Un modèle OpenAI s'est échappé de l'environnement de test et a piraté une entreprise. Réponse d'Anthropic : tiens mon réservoir

Un modèle OpenAI s’est échappé de l’environnement de test et a piraté une entreprise. Réponse d’Anthropic : tiens mon réservoir

La semaine dernière, OpenAI a publié un article dans lequel il expliquait comment, en testant son modèle GPT 5.6 Sol, il avait réussi à échapper à l’environnement de test prétendument isolé et à pirater les systèmes de la plateforme Hugging Face. Cet incident a alimenté l’inquiétude et a incité le président américain à envisager d’imposer des contrôles plus stricts sur les systèmes d’IA. Eh bien, Anthropic affirme désormais que ses modèles se sont également « échappés » et ont piraté non pas une, mais trois sociétés.

Que s’est-il passé ? Anthropic lui-même le raconte dans une nouvelle entrée sur son blog. Après avoir pris connaissance de l’incident d’OpenAI, l’entreprise a lancé un examen interne de ses systèmes et a découvert trois incidents au cours desquels ses modèles axés sur la cybersécurité avaient pénétré dans les systèmes de trois organisations différentes. Anthropic indique avoir contacté ces trois sociétés, dont l’identité n’a pas été révélée.

C’était une erreur. Contrairement au cas d’OpenAI, Anthropic affirme que ses modèles n’ont pas échappé délibérément à l’environnement de test, mais plutôt le résultat d’une erreur de configuration qui a laissé la connexion Internet activée, permettant aux modèles d’accéder à ces entreprises. La société affirme que les modèles ont effectué le piratage en utilisant des techniques de base telles que « l’exploitation de mots de passe faibles et de points de terminaison non authentifiés », mais n’ont découvert aucune vulnérabilité complexe.

Dans deux des trois incidents, les modèles ont décidé de poursuivre l’attaque : Opus 4.7 a volé les informations d’identification pour accéder aux systèmes d’une entreprise réelle et Mythos 5 s’est convaincu qu’il s’agissait d’une simulation. Cependant, le troisième modèle (non encore publié) a détecté qu’il disposait d’une connexion alors qu’il ne le devrait pas et a stoppé l’attaque.
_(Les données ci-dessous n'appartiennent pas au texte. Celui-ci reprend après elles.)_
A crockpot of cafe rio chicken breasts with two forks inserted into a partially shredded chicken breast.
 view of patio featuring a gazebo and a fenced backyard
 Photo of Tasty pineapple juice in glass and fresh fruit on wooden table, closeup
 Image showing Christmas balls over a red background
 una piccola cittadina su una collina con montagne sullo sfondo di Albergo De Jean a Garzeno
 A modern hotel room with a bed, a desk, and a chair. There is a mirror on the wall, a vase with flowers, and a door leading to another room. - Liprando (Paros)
Pourquoi c’est important. Plus que l’incident lui-même, ce qui est frappant, c’est qu’ils l’ont annoncé quelques jours seulement après qu’OpenAI ait publié le sien. Et ils le font avec des nuances importantes : il n’y a pas de vulnérabilités sérieuses, tout est dû à une erreur humaine et nous avons aussi un modèle si intelligent qu’il a arrêté l’attaque lorsqu’il s’est rendu compte de l’erreur. La concurrence entre OpenAI et Anthropic s’est beaucoup intensifiée ces derniers mois et avec l’introduction en bourse qui approche à grands pas, nous sommes entrés dans une dynamique dans laquelle ce que l’un réalise, l’autre fait plus et mieux.

Tirer avec peur. Nous avons déjà évoqué dans le passé comment la peur est devenue le principal argument de vente des nouveaux modèles OpenAI et Anthropic. Tout a commencé en avril lorsqu’Anthropic a annoncé que Claude Mythos avait découvert des centaines de vulnérabilités zero-day. Peu de temps après, OpenAI a annoncé GPT 5.5 Cyber ​​​​avec le même script : un modèle si puissant que son lancement au public présenterait un risque pour la cybersécurité mondiale. À la base, le message fait toujours appel à la même chose : la peur qu’une IA devienne incontrôlable et finisse par se retourner contre nous, un scénario que l’on voit dans les films depuis des décennies et que plusieurs experts préviennent depuis un certain temps que cela ne pourrait plus être le cas.

Plus de réglementation. Ces incidents ont suscité des inquiétudes et renforcent l’argument selon lequel la technologie est si puissante qu’elle a besoin de quelqu’un pour la contrôler de l’extérieur. S’adressant au Wall Street Journal, le patron de la société de sécurité Corridor prévient que ces incidents ouvrent la porte à des attaques de ransomwares plus sophistiquées, notamment via des modèles de poids ouverts.

Dans le même temps, Anthropic et OpenAI s’efforcent de présenter ces failles comme des risques gérables et insistent sur le fait que leurs modèles de cybersécurité sont trop puissants pour être proposés au grand public, une position qui leur permet à la fois d’avertir des risques et de se positionner comme partenaires incontournables de toute régulation future.